(Items listed in a dataset)
━━━━━━━━━━━━━━━━━━━━

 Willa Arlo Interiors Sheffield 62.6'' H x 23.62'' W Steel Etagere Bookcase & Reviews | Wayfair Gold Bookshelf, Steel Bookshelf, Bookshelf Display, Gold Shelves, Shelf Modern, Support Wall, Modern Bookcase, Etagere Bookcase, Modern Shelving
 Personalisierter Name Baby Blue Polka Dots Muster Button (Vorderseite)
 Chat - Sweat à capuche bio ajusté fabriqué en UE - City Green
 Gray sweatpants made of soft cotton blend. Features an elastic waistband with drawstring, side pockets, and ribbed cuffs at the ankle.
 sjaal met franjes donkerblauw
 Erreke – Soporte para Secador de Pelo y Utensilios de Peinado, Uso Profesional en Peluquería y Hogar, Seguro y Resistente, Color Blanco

━━━━━━━━━━━━━━━━━━━━

▶ **PROMPT**
The data above must be reproduced in full, exactly as given.

▶ **ANSWER FOR THE TASK**
 Willa Arlo Interiors Sheffield 62.6'' H x 23.62'' W Steel Etagere Bookcase & Reviews | Wayfair Gold Bookshelf, Steel Bookshelf, Bookshelf Display, Gold Shelves, Shelf Modern, Support Wall, Modern Bookcase, Etagere Bookcase, Modern Shelving
 Personalisierter Name Baby Blue Polka Dots Muster Button (Vorderseite)
 Chat - Sweat à capuche bio ajusté fabriqué en UE - City Green
 Gray sweatpants made of soft cotton blend. Features an elastic waistband with drawstring, side pockets, and ribbed cuffs at the ankle.
 sjaal met franjes donkerblauw
 Erreke – Soporte para Secador de Pelo y Utensilios de Peinado, Uso Profesional en Peluquería y Hogar, Seguro y Resistente, Color Blanco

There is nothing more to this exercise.